From what must have been a terribly distressing experience, Susan Lewis has put forward 3 proposals: the number of credit cards one person can be given should be limited; there should be a limit on the amount of credit anyone is given; and proper credit checks should be carried out.
Malcolm Hurlston seems to think the credit card companies should manage borrowers through internal processes. “Rather than focusing on the number of cards, however, we would like to see creditors paying more attention to how the customer is dealing with the debt. Any customer paying no more than the minimum amount each month on a number of cards is already over-indebted, with debts about to spiral out of control. Minimum payment information needs to be shared among creditors so they can make better decisions.” Hurlston’s proposal seems to me better (in terms of management theory) but perhaps idealistic. ORANGE will only allow a form of systematic management where either it is under external threat if it doesn’t or it clearly can see the benefits of that form of management to its strategic goals. And ORANGE will break the rules of the system wherever it sees fit. Think of the way commercial companies tend to treat ISO 9000. Something to be complied with rather than embraced. (ORANGE despises it but uses it as it suits and goes through the motions of compliance for external accreditation. BLUE loves it but will gum up the processes with rigidity if allowed to.)

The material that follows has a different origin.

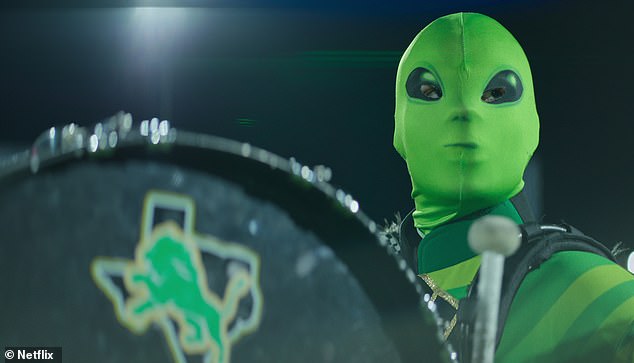 The mass sightings of these Texas-sized UFOs made national news with coverage in the Associated Press, the Los Angeles Times and on National Public Radio. Above, a local high school football team's marching band celebrates the local UFO event in Netflix's 'Encounters'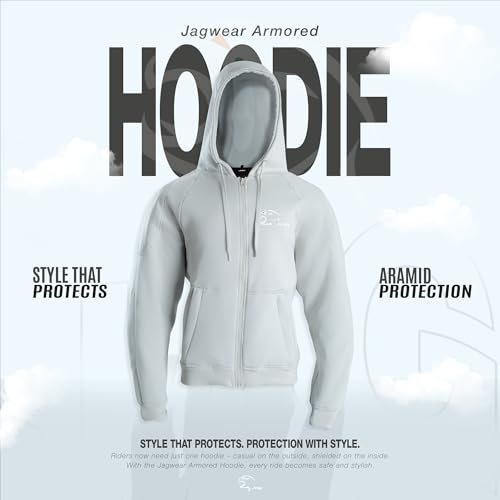 Image of JAG Motorcycle Protective Hoodie with Partial Aramid Lining, Riding Jacket | Motorcycle Hoodie with Armor CE-Certified Protectors All-Season Sweatshirt, Riding Motorcycle Armored Hoodie for Men & Women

John Mann seems not to trust the credit card companies to process manage borrowers: “The system isn’t working, and if the industry won’t regulate itself, politicians will have to step in.” The regulatory approach espoused by Mann and Mrs Lewis and the borrower-management processes suggested by Hurlston both offer potential real solutions and both require BLUE. The problem is that BLUE will function efficiently only to the degree allowed by ORANGE which is a much more complex way of thinking. (Which explains how so many ISO 9000 assessors and other kinds of ‘inspector’ get the ‘wool’ pulled over their eyes!) The fact is that the ORANGE ‘genie’ is out of the cultural ‘bottle’ and we can’t go back to the kind of BLUE thinking which dominated lending 40-50 years ago. (Nor should we want to, considering ORANGE’s wealth-generating capabilities!)

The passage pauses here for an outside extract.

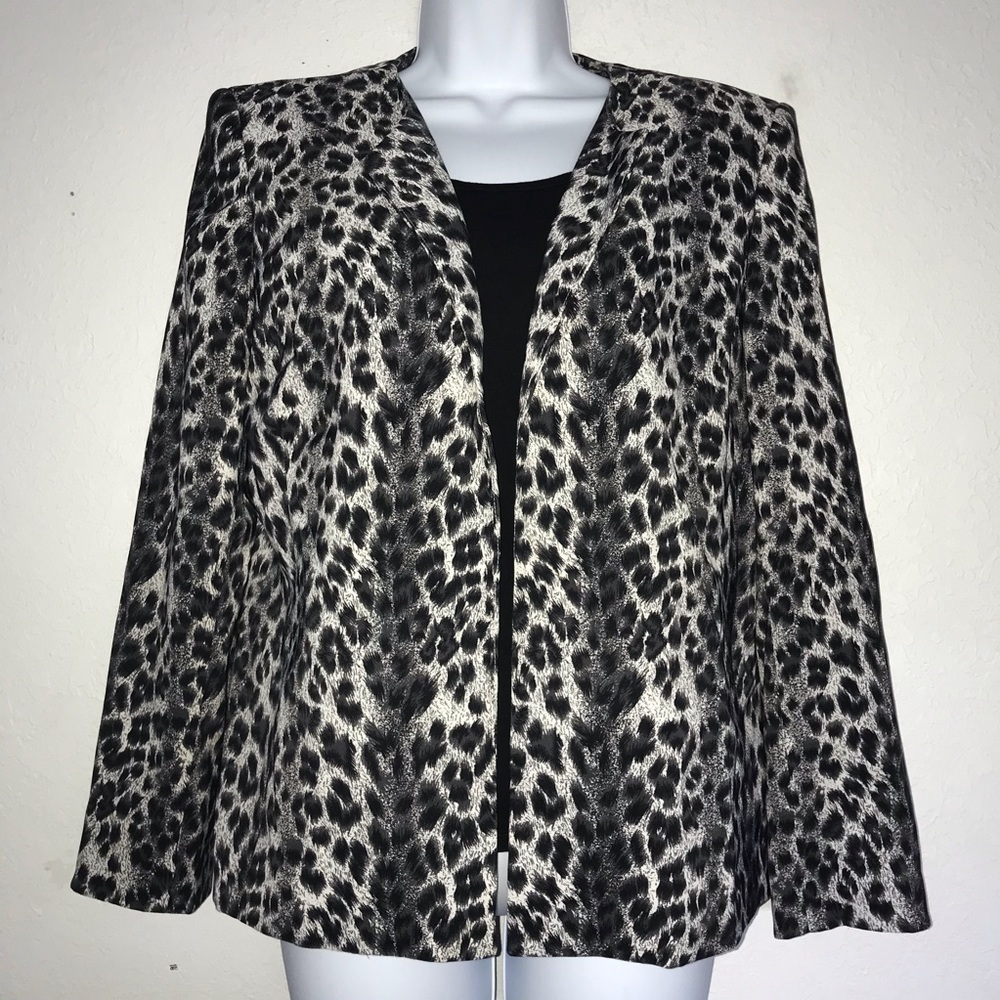 Kasper Open Front Animal Print Jacket 12P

BLUE regulations and processes certainly have their place – and perhaps are essential for this industry. However, ORANGE also needs watching from a more complex point of view which understands what ORANGE does, which understands how it will exploit less complex thinking sytems (PURPLE and RED) and how it can outwit BLUE. Yet a point of view which doesn’t want to stop ORANGE generating wealth.

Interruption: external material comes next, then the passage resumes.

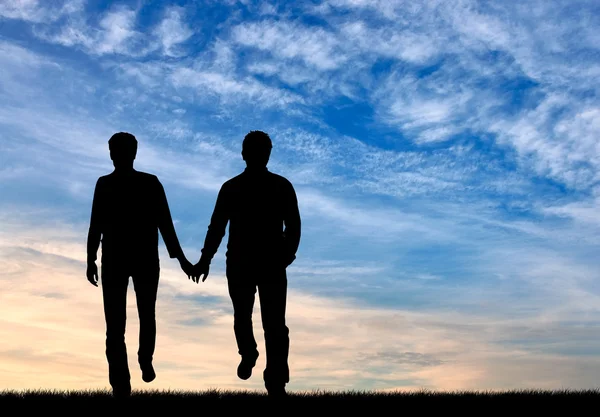 Silhouet gelukkig homoseksuele mannen — Stockfoto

Perhaps would-be borrowers should be psychologically-assessed to determine their capability of handling debt and what amount of debt? The obvious checks are not always the ones we need to make: Stephen Lewis was on a not-unreasonable salary and at the time of his death was still within his given credit limits.
There are not necessarily easy straight-forward answers to what is at heart a multi-vMEME issue. But, until we understand the complex inter-vMEME issues at play here, we are unlikely to be able to propose solutions that will stick. As so often, it’s a case of starting with the right questions!